| STUDY MATERIAL |
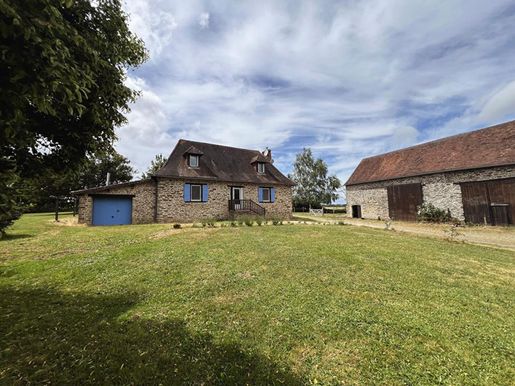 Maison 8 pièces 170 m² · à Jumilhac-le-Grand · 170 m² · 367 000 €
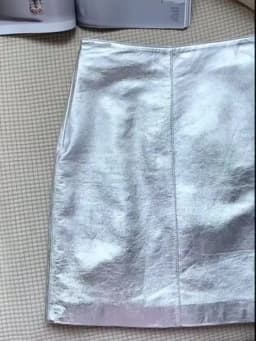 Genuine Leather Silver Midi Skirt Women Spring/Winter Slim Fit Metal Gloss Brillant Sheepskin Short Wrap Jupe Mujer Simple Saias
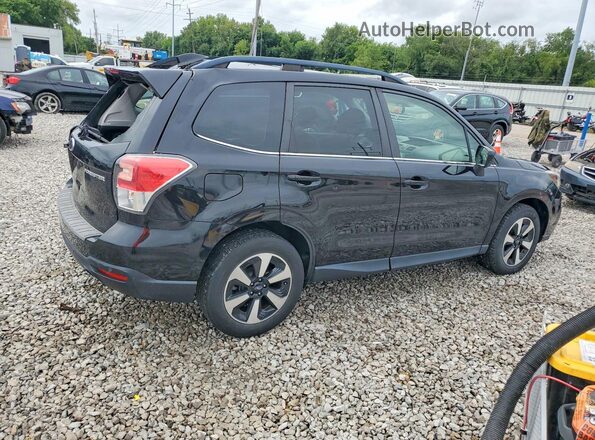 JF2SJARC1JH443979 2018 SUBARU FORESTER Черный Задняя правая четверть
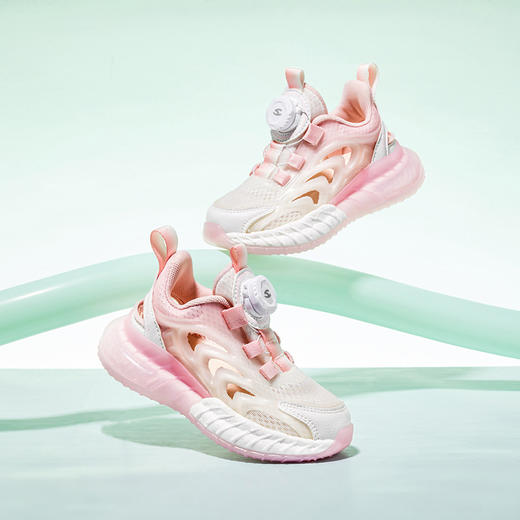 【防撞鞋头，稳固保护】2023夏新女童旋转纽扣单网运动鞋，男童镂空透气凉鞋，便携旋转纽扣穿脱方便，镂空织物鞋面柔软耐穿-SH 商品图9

* * *

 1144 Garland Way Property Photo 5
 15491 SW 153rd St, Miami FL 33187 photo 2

* * *

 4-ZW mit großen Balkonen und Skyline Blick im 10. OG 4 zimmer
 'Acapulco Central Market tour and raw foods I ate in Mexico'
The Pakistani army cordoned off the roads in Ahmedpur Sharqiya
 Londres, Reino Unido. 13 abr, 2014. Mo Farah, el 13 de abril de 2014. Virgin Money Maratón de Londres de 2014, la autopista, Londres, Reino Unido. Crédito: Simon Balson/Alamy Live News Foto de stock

| ACTIVITY |
Would you please copy, word for word, everything above from the line containing "1144 Garland Way Property Photo 5" down to the line containing "15491 SW 153rd St, Miami FL 33187 photo 2", those two lines included?

| RESPONSE FOR THIS EXERCISE |
 1144 Garland Way Property Photo 5
 15491 SW 153rd St, Miami FL 33187 photo 2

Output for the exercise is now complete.